Apalagi pertandingan kontra PSM begitu menguras emosi dan tenaga. Bahkan, dua pemain dan dua asisten pelatih harus menjadi korban kerusuhan yang terjadi usai kemenangan Bali United.
Wajar manajemen Bali United marah, kesal, dan geram setelah Komisi Disiplin (Komdis) PSSI mengeluarkan keputusan konyol: memberikan kemenangan walk out (WO) kepada Bhayangkara FC.
Dengan keputusan tersebut, Bhayangkara FC dinyatakan menang 0-3 atas Mitra Kukar di pekan ke-33 Liga 1 lalu.
Peluang Bhayangkara FC merengkuh juara Liga I pun lebih besar daripada Bali United, PSM Makassar maupun Madura United.
Keputusan kontroversial ini bermula ketika dimainkannya Mohammed Lamine Sissoko oleh Mitra Kukar yang dianggap PT LIB masih mendapat larangan bermain sebanyak dua kali.
Jelas ini adalah keputusan yang aneh. Keputusan ini dianggap sangat sepihak dan mencoba untuk memenangkan Bhayangkara FC secara paksa.
Mitra Kukar sendiri berupaya melakukan banding. Tapi, masalahnya adalah, apakah Mitra Kukar akan mendapatkan tekanan dari oknum-oknum tertentu agar banding tidak dilakukan? Ini yang menjadi pertanyaan besar.

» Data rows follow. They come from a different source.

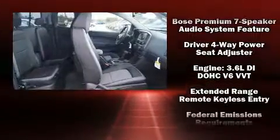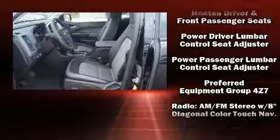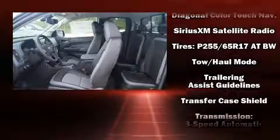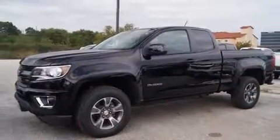Passenger security is always assured thanks to various safety features, such as dual front impact airbags with occupant sensing airbag, head curtain airbags, traction control, a security system, OnStar, and four-wheel disc brakes with ABS.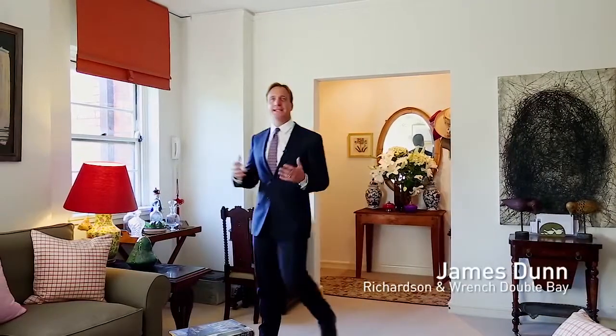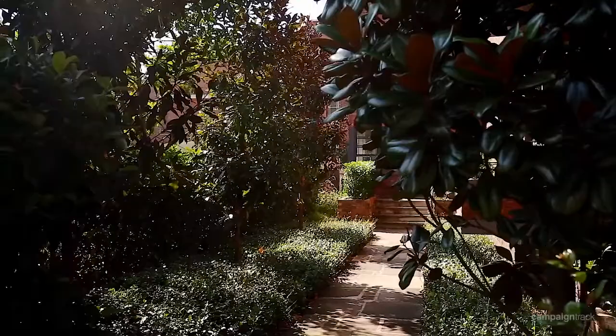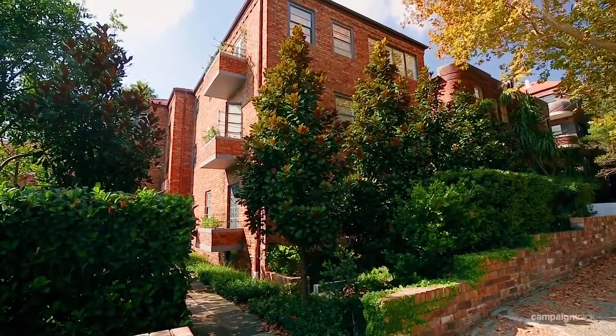The moment you step foot in this character-filled apartment, you'll be blown away with the size and proportions of every single room. And if sunshine and north aspect is important, then this apartment's for you.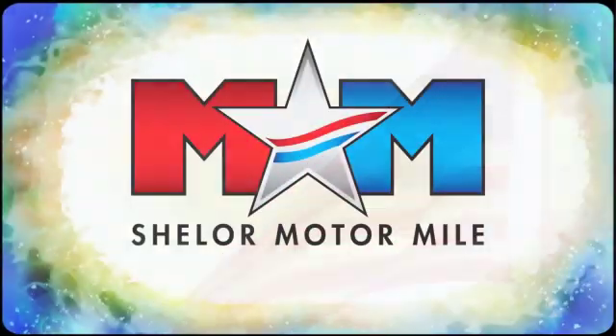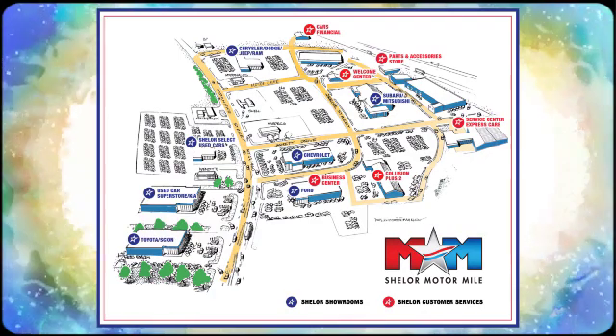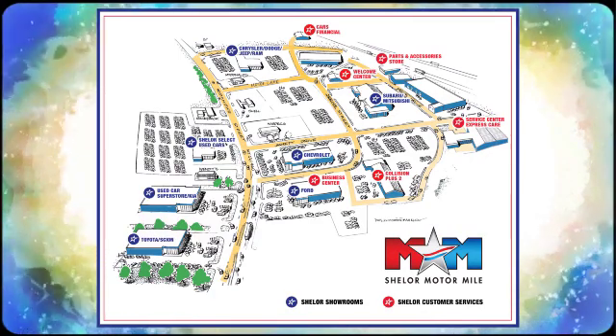Come visit us on the Motor Mile, where you're always a name and never a number. Call, click or stop in. We're conveniently located at 200 Motor Lane in Christiansburg, Virginia.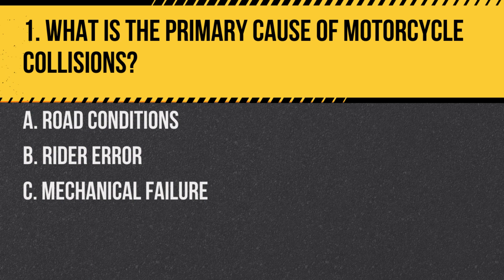Question 1. What is the primary cause of motorcycle collisions? A. Road conditions. B. Rider error. C. Mechanical failure. Answer: B. Rider error. The majority of motorcycle collisions are caused by rider error. Riders must be constantly aware of their surroundings and ride defensively.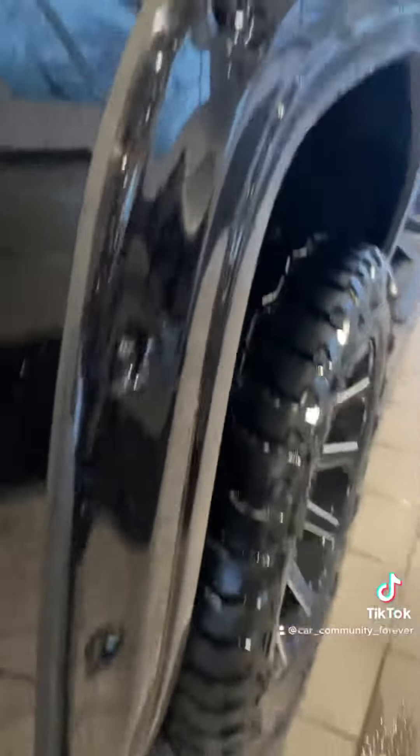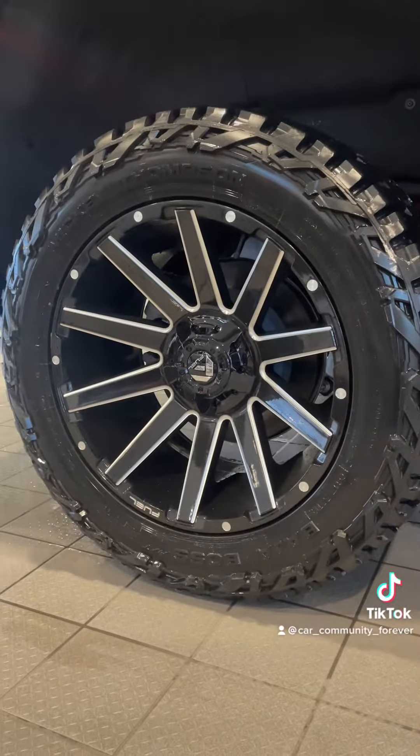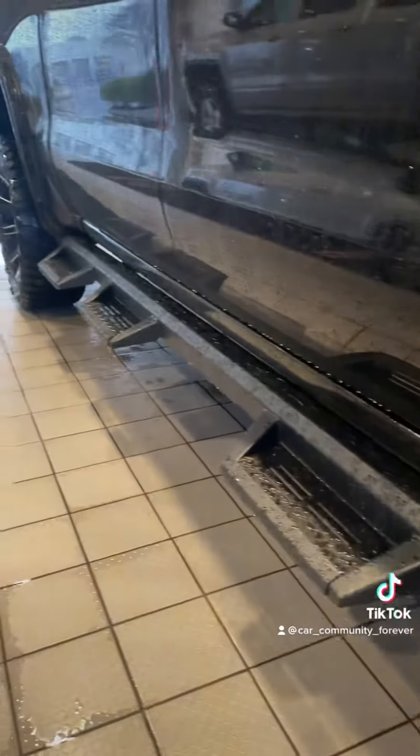ALC starts with these body flares with the rivets, Mickey Thompson tires, and these fuel-specific wheels. Upgraded suspension with metal running boards.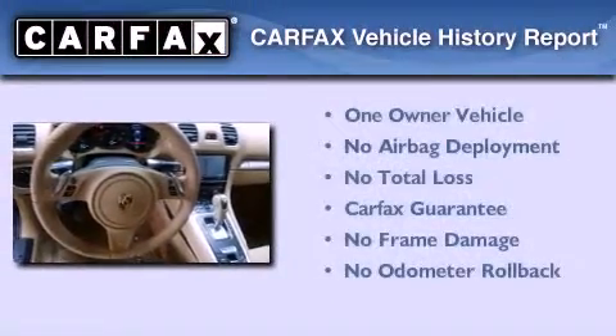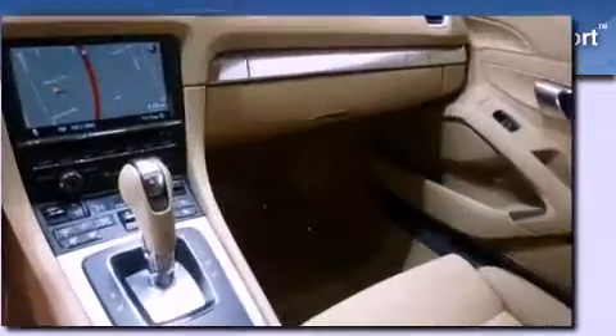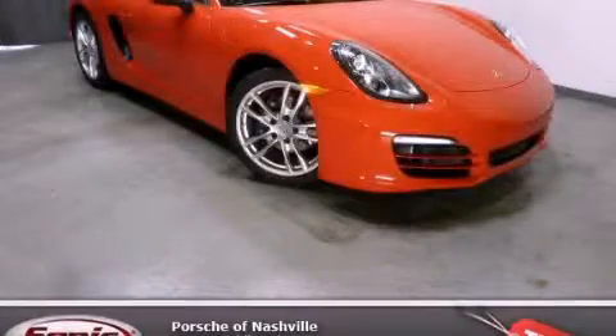This Porsche has had only one owner and it qualifies for the Carfax buyback guarantee. Call now to find out how you can own this breathtaking automobile.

Owner Bali United Pieter Tanuri pun sangat menyayangkan keputusan yang dibuat oleh Komdis PSSI. Menurutnya, keputusan tersebut sangat aneh.

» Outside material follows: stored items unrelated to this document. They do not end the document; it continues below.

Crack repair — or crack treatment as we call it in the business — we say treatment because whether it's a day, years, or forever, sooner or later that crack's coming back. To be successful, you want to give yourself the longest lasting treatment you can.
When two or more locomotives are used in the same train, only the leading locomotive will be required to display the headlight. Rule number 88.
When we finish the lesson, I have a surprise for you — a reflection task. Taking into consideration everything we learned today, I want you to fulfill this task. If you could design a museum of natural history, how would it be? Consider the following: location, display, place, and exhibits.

“Ini keputusan yang sangat aneh kalau saya bilang. Apalagi ini di tengah persaingan yang ketat. Ada ketidakprofesionalan Komdis PSSI sewaktu mengambil keputusan. PT LIB juga,” tegas Pieter Tanuri kemarin.
“Ada oknum PT LIB dan Komdis PSSI yang “bermain” disini kalau menurut saya,” tambah Pieter Tanuri.
Kalau dilihat secara tidak langsung, bisa saja ada oknum yang ingin menghalalkan segala cara untuk bisa meraih gelar juara.